Activity> The task for the listing below is to write out exactly the lines starting at the one containing "Luxury Apartment at CFC AURA" and ending at the one containing "Read Personal Tailor", both included. Pictures are to be omitted.

Source material>

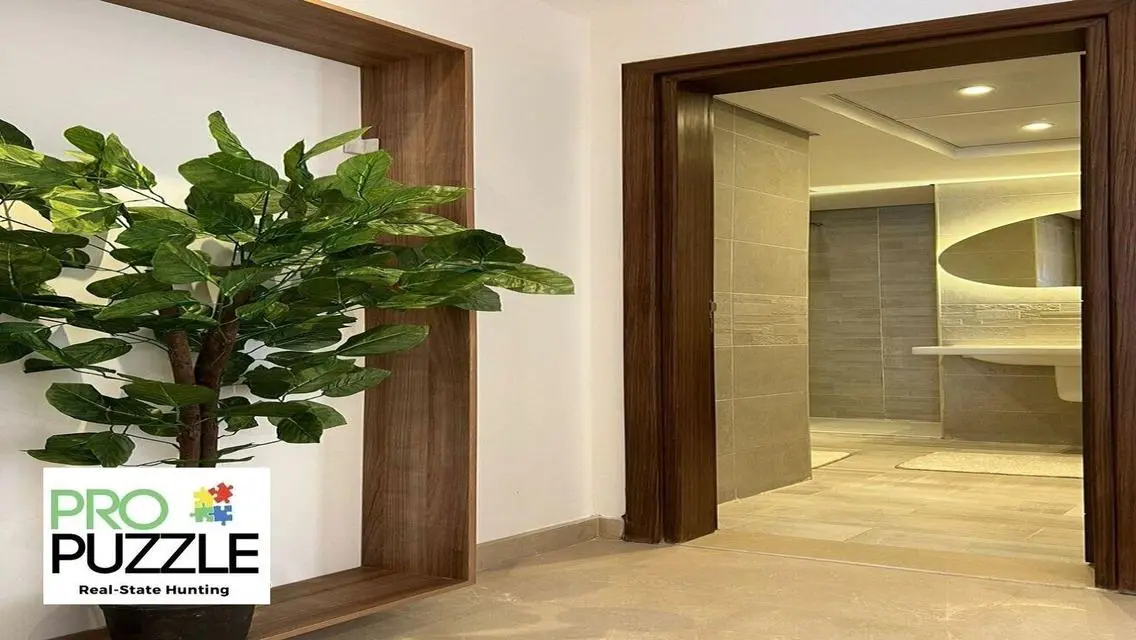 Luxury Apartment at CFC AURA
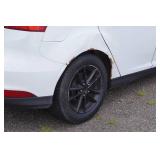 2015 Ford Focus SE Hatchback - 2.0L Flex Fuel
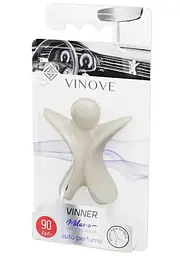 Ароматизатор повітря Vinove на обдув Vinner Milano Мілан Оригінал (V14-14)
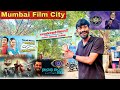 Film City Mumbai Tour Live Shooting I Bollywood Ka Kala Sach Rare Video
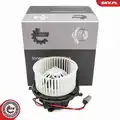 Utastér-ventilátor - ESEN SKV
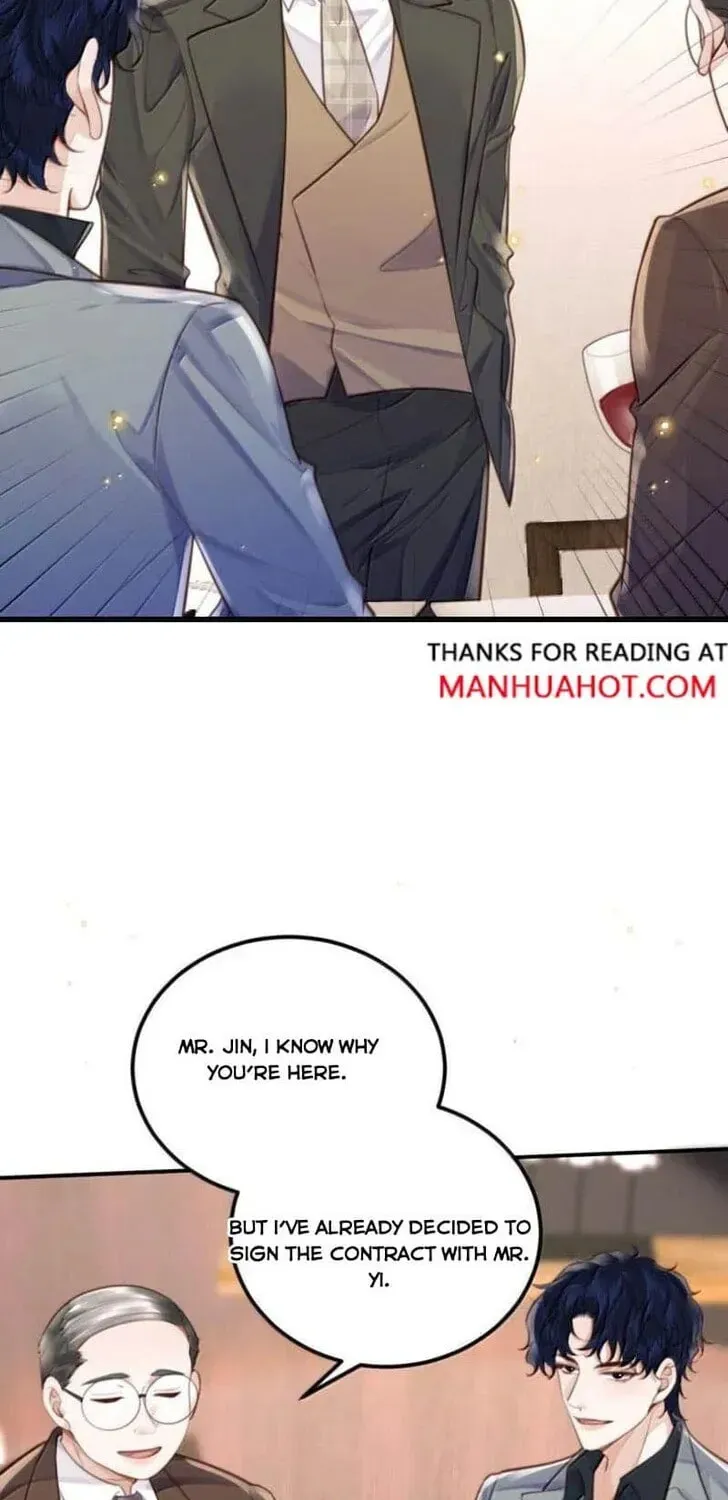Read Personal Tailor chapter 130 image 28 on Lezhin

==

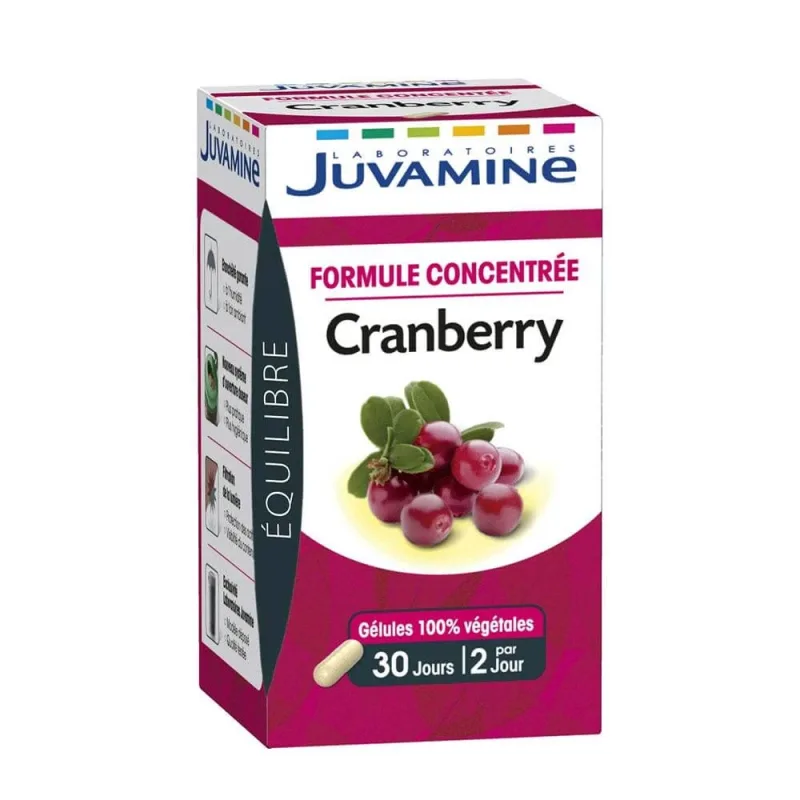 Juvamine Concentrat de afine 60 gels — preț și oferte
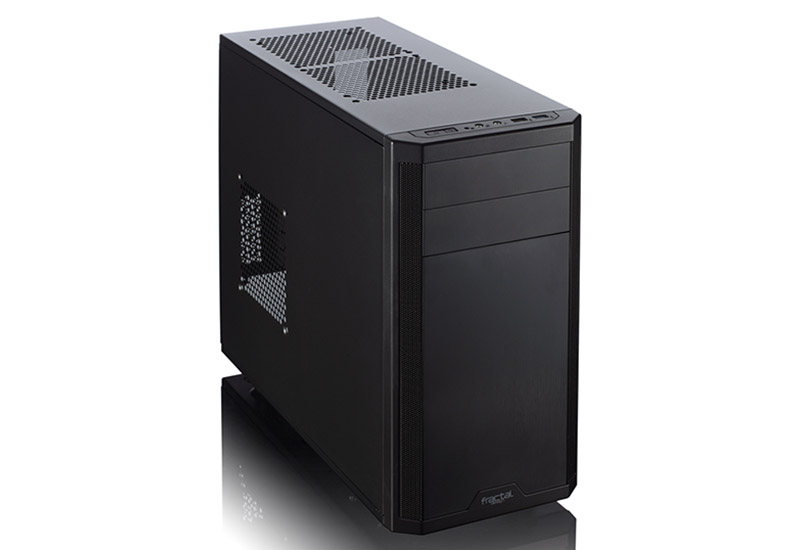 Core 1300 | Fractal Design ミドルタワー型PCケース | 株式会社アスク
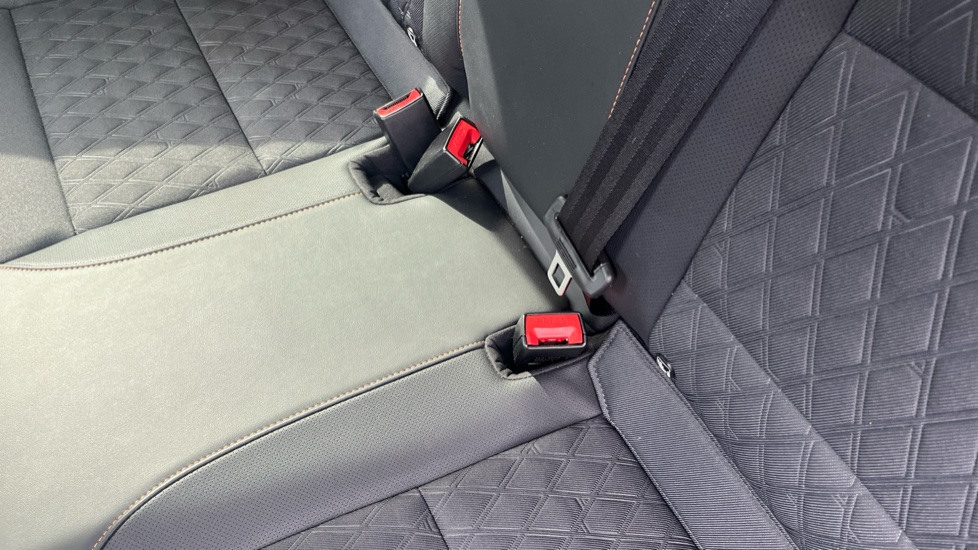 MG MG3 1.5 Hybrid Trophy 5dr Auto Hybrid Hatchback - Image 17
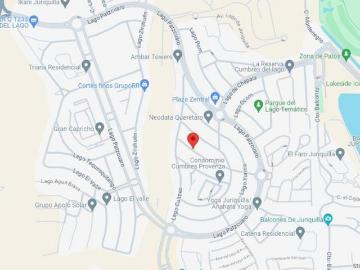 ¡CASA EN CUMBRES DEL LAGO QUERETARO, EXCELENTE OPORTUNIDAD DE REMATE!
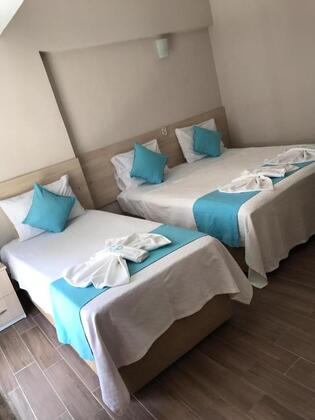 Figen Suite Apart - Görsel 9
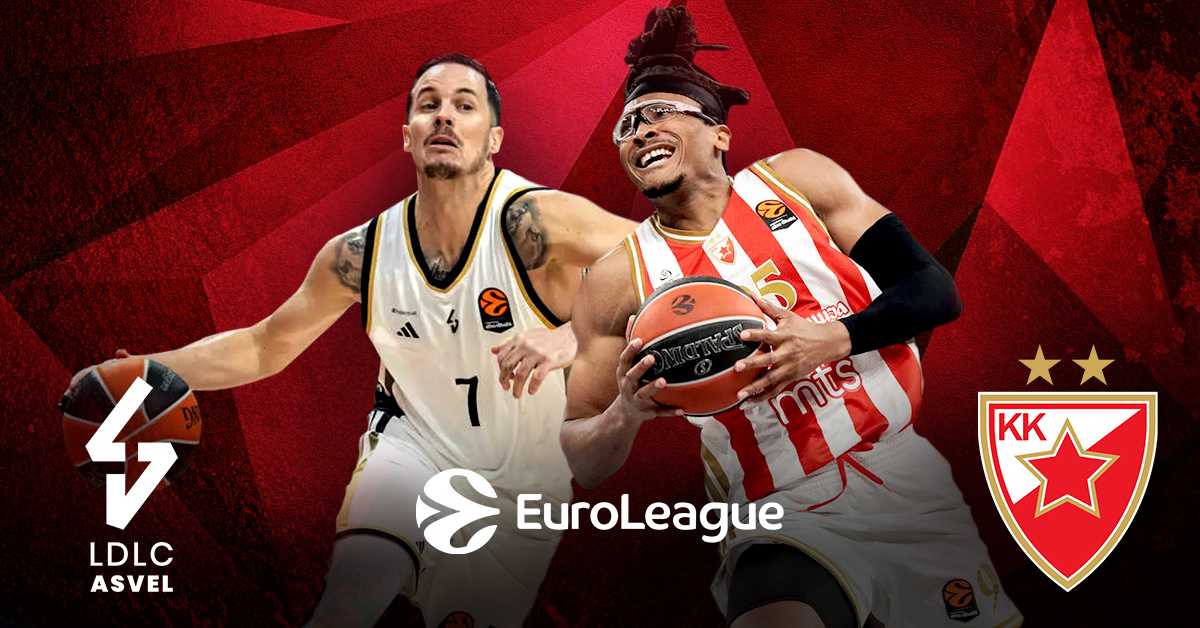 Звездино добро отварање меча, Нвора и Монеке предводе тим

* * *

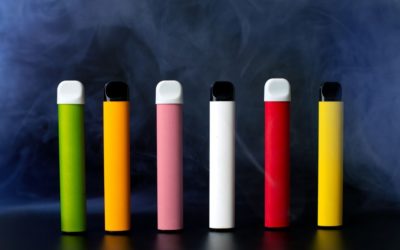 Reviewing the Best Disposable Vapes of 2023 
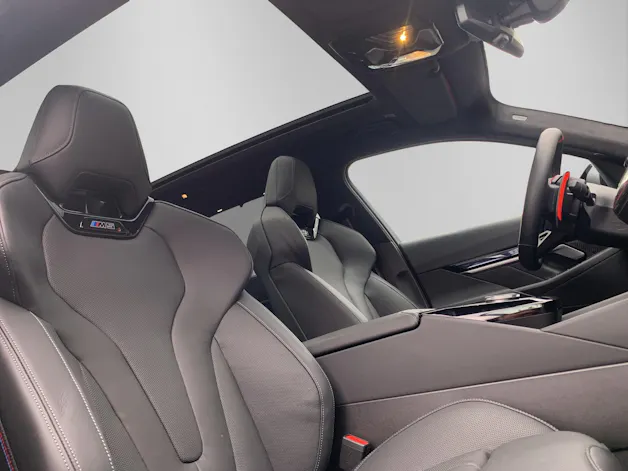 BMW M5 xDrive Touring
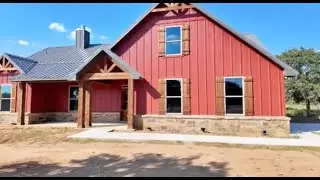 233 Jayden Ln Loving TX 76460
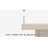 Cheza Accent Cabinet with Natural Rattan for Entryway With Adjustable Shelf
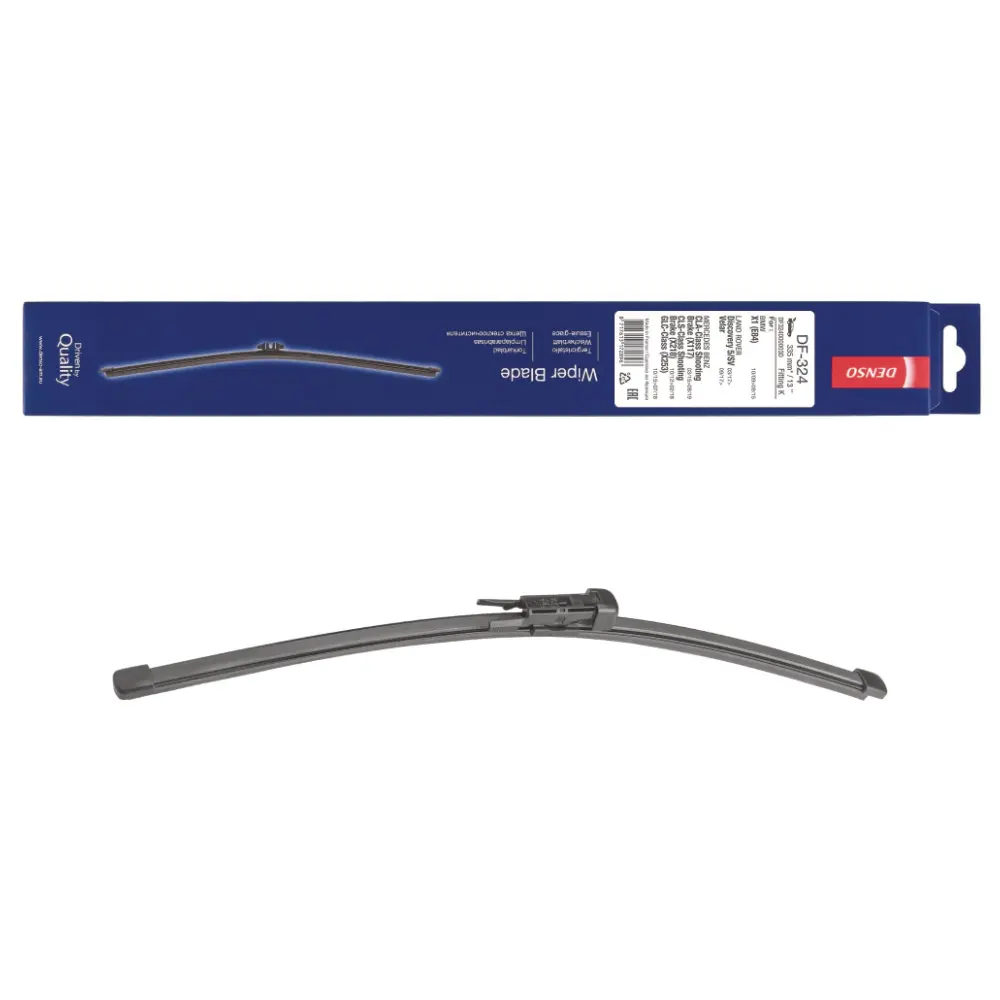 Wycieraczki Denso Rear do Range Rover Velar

Solution for this exercise>
 Luxury Apartment at CFC AURA
 2015 Ford Focus SE Hatchback - 2.0L Flex Fuel
 Ароматизатор повітря Vinove на обдув Vinner Milano Мілан Оригінал (V14-14)
 Film City Mumbai Tour Live Shooting I Bollywood Ka Kala Sach Rare Video
 Utastér-ventilátor - ESEN SKV
Read Personal Tailor chapter 130 image 28 on Lezhin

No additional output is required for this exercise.